Our analysis revealed a qualitatively significant spatial conformity of our MPM products to geoscientific knowledge of well-explored regions for both the BC and WB. In particular, the delineation of high-confidence positive areas was generally sharp for the BC and variable for the WB. This was expected given the igneous and modified-sedimentary natures of the BC and the WB, respectively. Additional regions with promising exploration potential were also identified. For PGE–Ni–Cu–Cr, the continuation of the northern lobe beneath the Waterberg plateau is a high-confidence target (Fig. 10). This area's known geological context, combined with our model's insights, underscores its potential for mineral exploration. Moreover, the vast and underexplored regions toward the northern tip of South Africa present variably interesting areas for these commodities, each with unique geological characteristics that could hint at untapped mineral wealth. The underexplored nature of these regions highlights the need for targeted research and exploration to assess their potential economic viability. For Au, the extension of the WB to the southwest is a large and potentially fruitful area (Fig. 14). This region, large and relatively underexplored in the context of its gold potential, could bear extensions of the mineralization patterns known within the WB. Beyond that, and to a lesser degree of consensus, areas to the north of the WB could also be considered, but are riskier.

Benefits to the Mineral Industry and Conclusion

Mineral exploration is at an all-time-high because of demand, market competition and resource contention.

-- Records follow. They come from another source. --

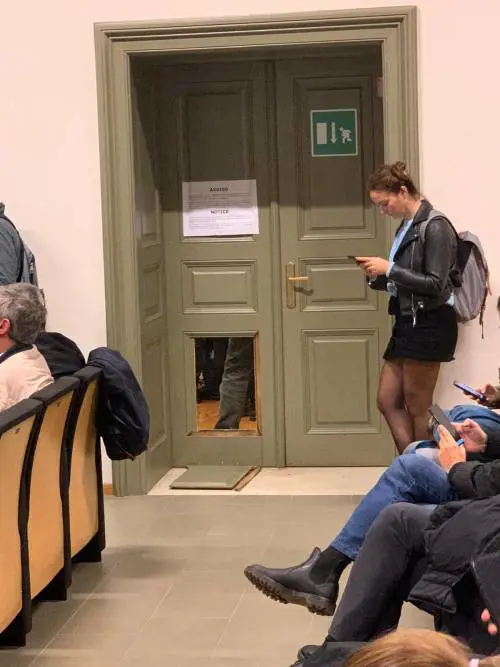 La contestazione contro Biloslavo a Trento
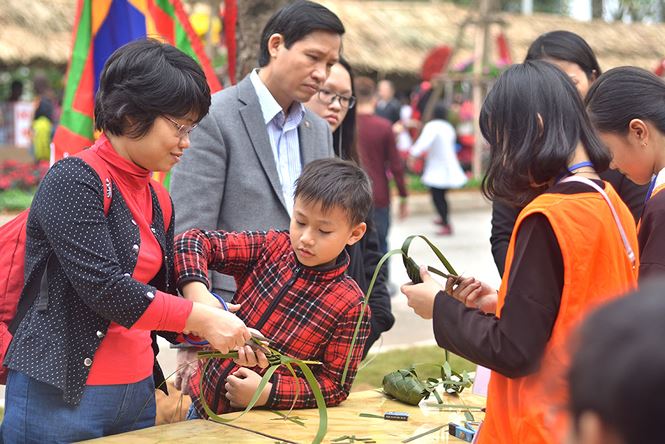 Hàng nghìn người chen chân ở Lễ hội Xuân ba miền tìm lại Tết xưa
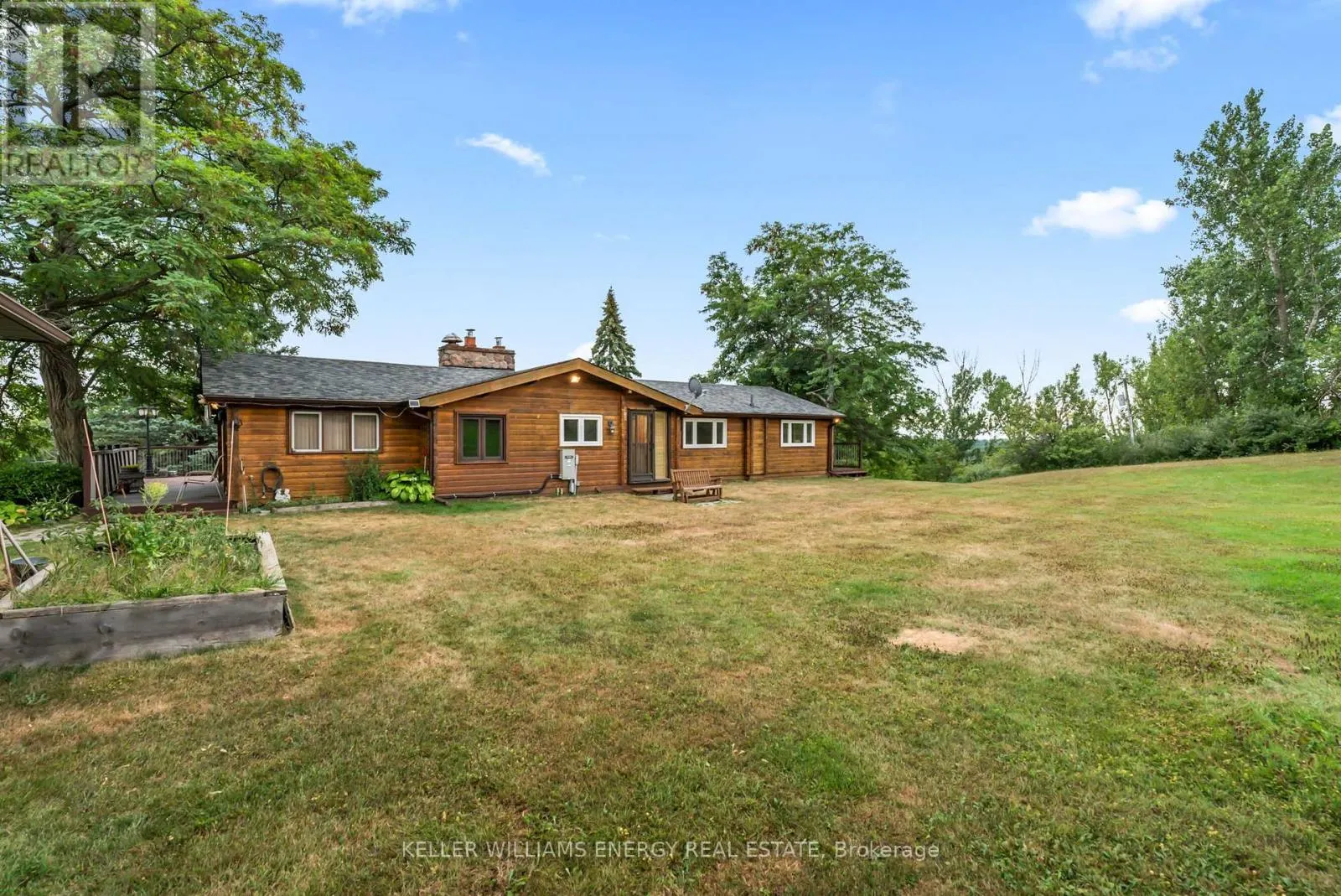 7368 MERCER ROAD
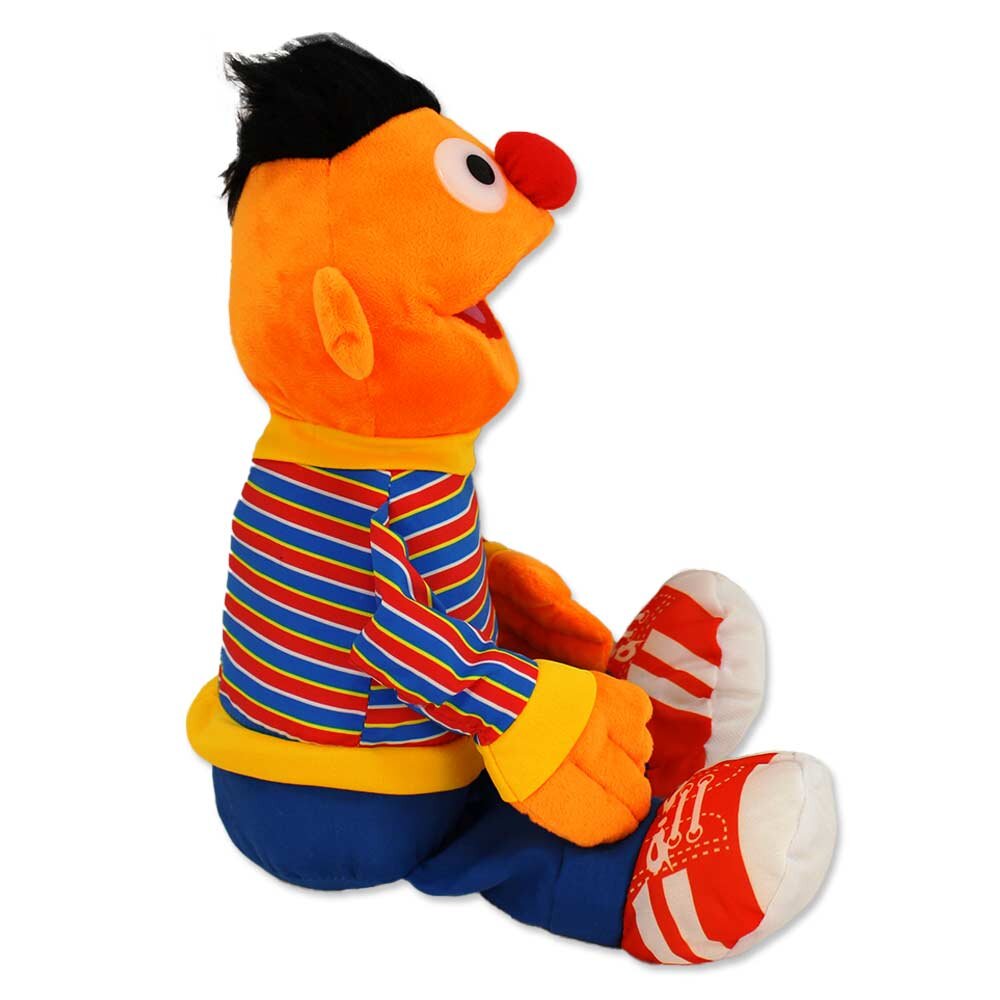Ernie Plüschtier aus der Sesamstraße, 38 cm groß, sitzend, Seitenansicht von links mit sichtbarem Ohr und gestreiftem Pullover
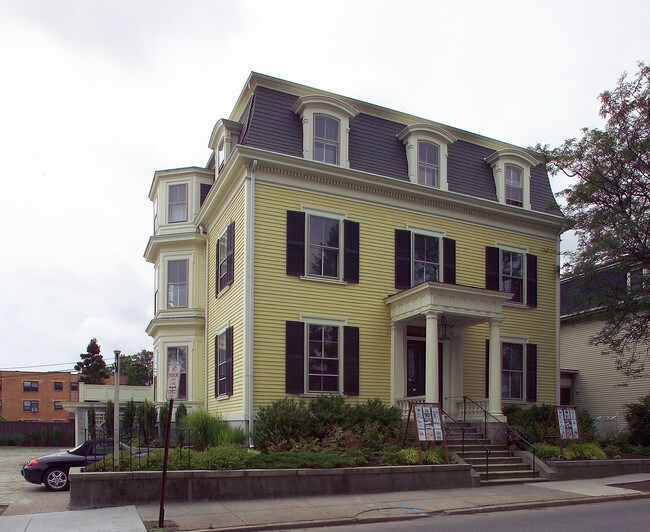 441 Angell St in Providence, RI - Building Photo - Building Photo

These factors will continue to drive changes in the mineral industry. A shift from knowledge- to data-driven exploration methods continues, enabled by an accumulation of data, new instruments, computer power and big-data-suitable algorithms. A key question that we have witnessed from the mineral industry is: how trustworthy are individual mineral prospectivity maps? This is a difficult question to answer because of an unbounded diversity of MPM workflows, whose spatial impacts are not trivial on prospectivity maps, and an inability of the geodata science framework to accept spatial constraints. The question aligns with the scientific expectation that singleton experimental outcomes are not reliable without consensus. This is a thorny issue for MPM because MPM products and methods are of value mainly to the industry but are seldom validated and mainly academic in origin. Ideally, MPM as a geodata science product should a-priori take as a constraint—user requirements, which for MPM is the extent of area that is feasible to explore, then produce the best product meeting that constraint. The only way to deterministically reduce the search area given a weakly unidirectionally-coupled framework is to create a deep ensemble of models and select a spatial extent based on the level of consensus (or dissent). Where low-risk exploration is desirable, areas of positive prospectivity at a high level of consensus can be targeted. Where truly greenfield and often black swan discoveries are desirable, areas of significant dissent can be targeted, with the obvious caveat that such areas are risky.

South Africa has had a long history of mining. Although no one knows for sure, there may still be appreciable economic resources. Historically, both the BC and WB were opportunistic, black swan discoveries, the likes of which, there are no comparable entities elsewhere. Therefore, discovering smaller ore deposits using modern methods could seem to be a much less daunting challenge in comparison. However, exploration is faced with the increasingly brownfield nature of the world. Within this setting, there lies opportunity—the accumulation of data. The timing is ripe for South Africa to envision a future on the labor of the past—legacy data and exploration knowledge, to make a renewed effort to rejuvenate its mineral industry and therefore, its economy and job prospects for the youth. In this context, this study serves both the global MPM and South African communities by providing: an applicative version of a scientific consensus-based MPM method, and to the extent possible, its validation; a comprehensive datacube that could be used for other targets and MPM method validation (by serving as “certified reference materials”); and hope for South Africans.